** Given entries follows **

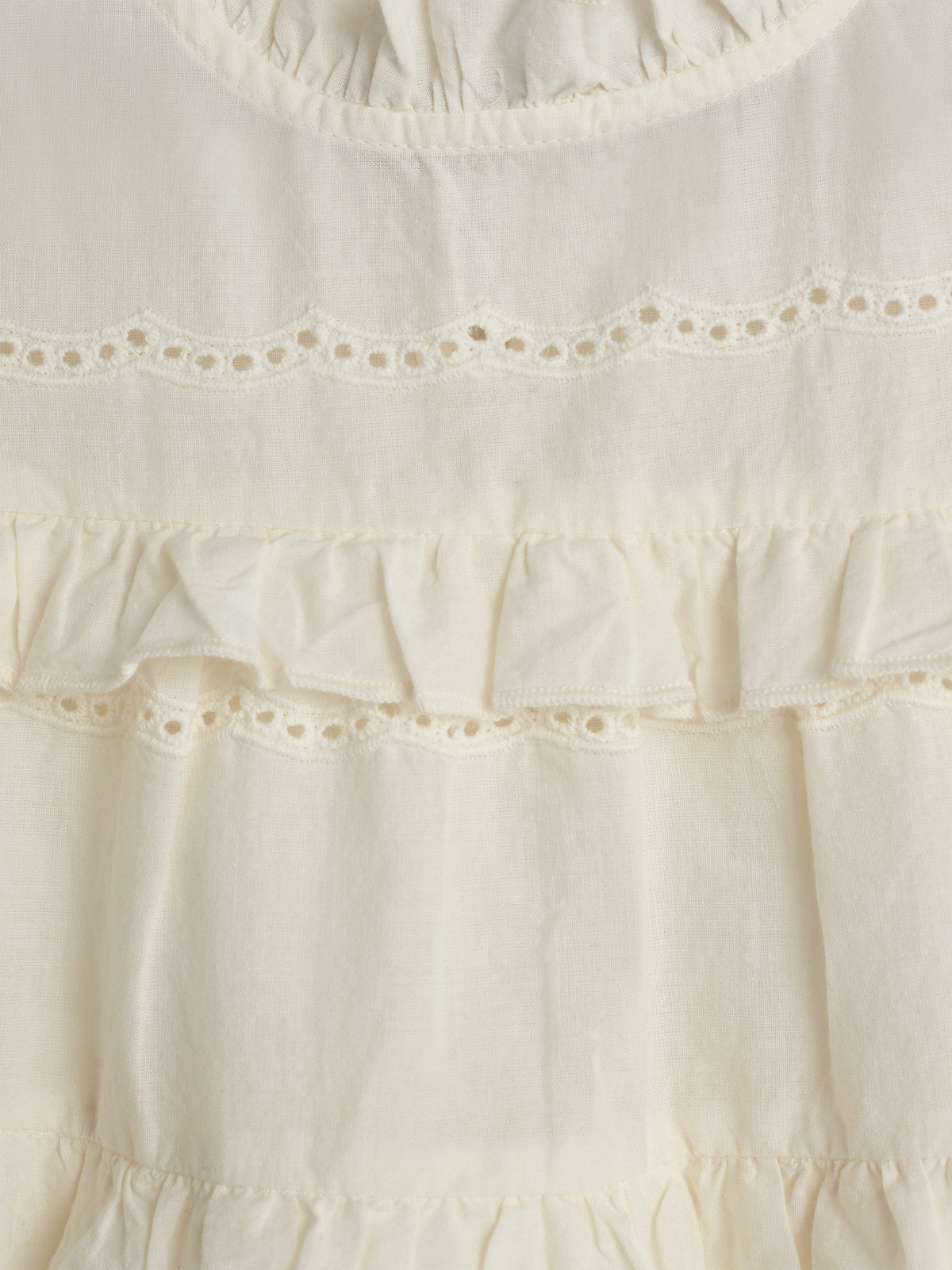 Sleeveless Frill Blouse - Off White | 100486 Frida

** End of Given entries **
** Given entries follows **

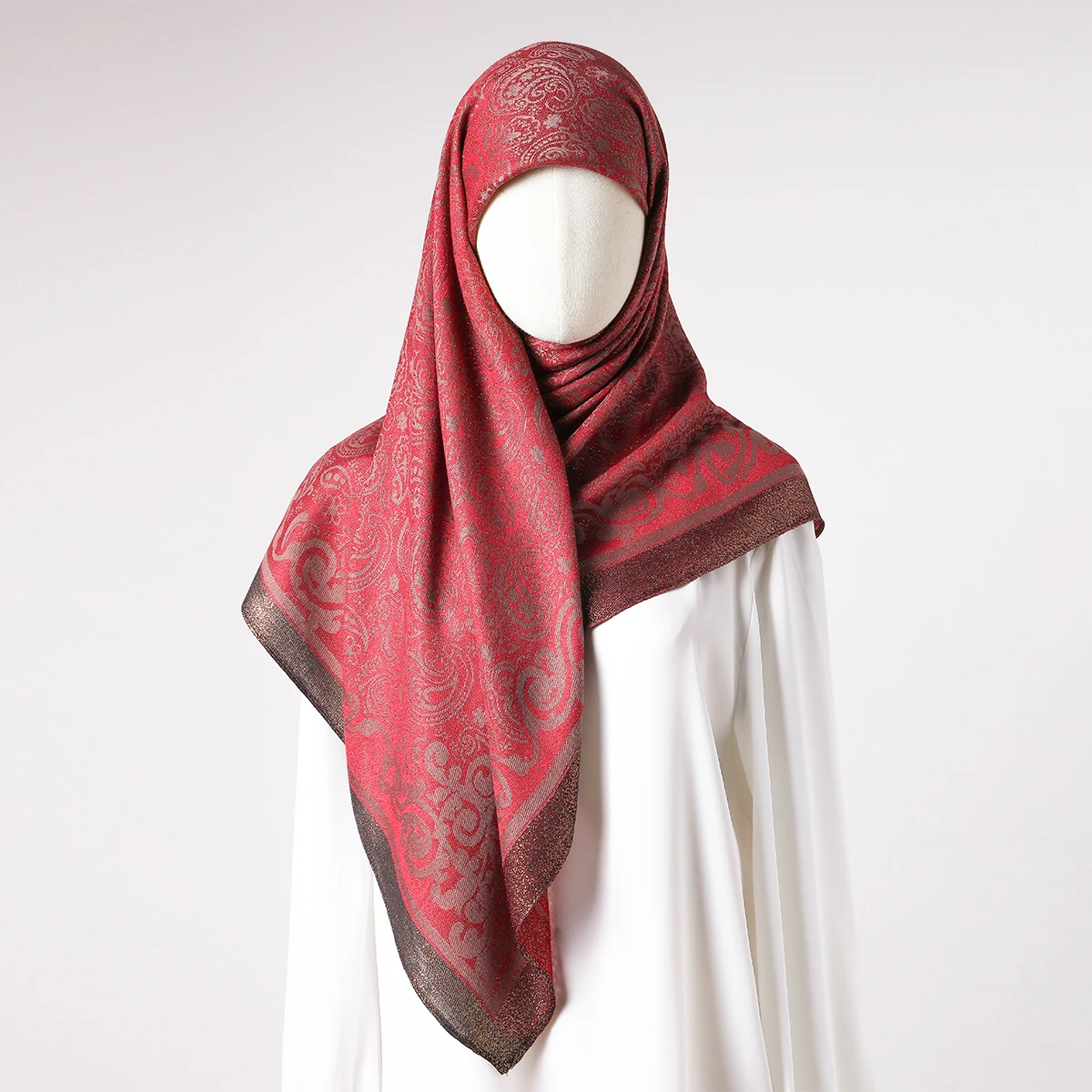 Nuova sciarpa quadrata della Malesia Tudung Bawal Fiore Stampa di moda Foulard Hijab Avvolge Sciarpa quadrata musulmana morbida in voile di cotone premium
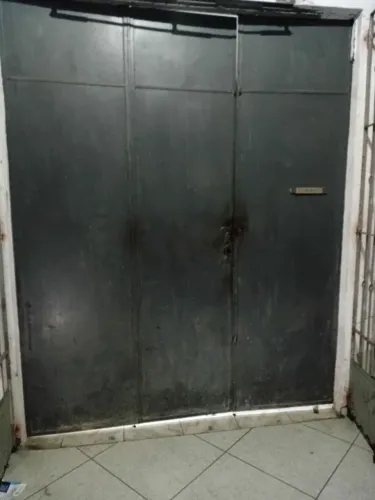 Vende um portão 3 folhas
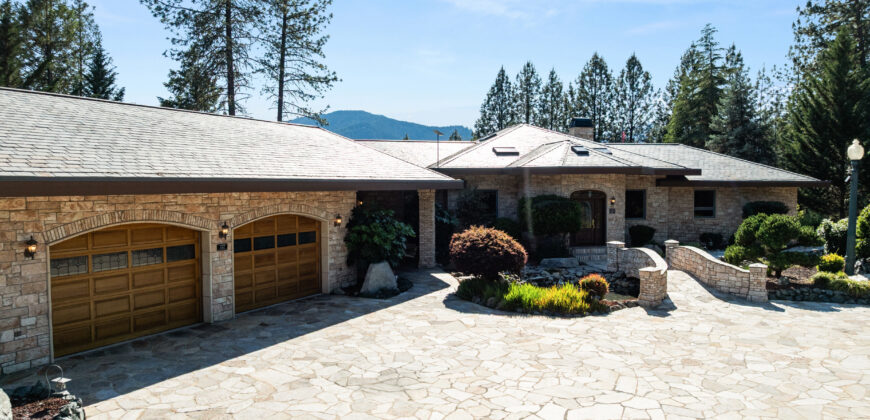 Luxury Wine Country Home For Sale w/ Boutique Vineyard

** End of Given entries **

== Task description ==
In the listing above, the required lines run from the line with "Vende um portão 3 folhas" through the line with "Luxury Wine Country". Output exactly those lines, omitting pictures.

== Result of this task ==
 Vende um portão 3 folhas
 Luxury Wine Country Home For Sale w/ Boutique Vineyard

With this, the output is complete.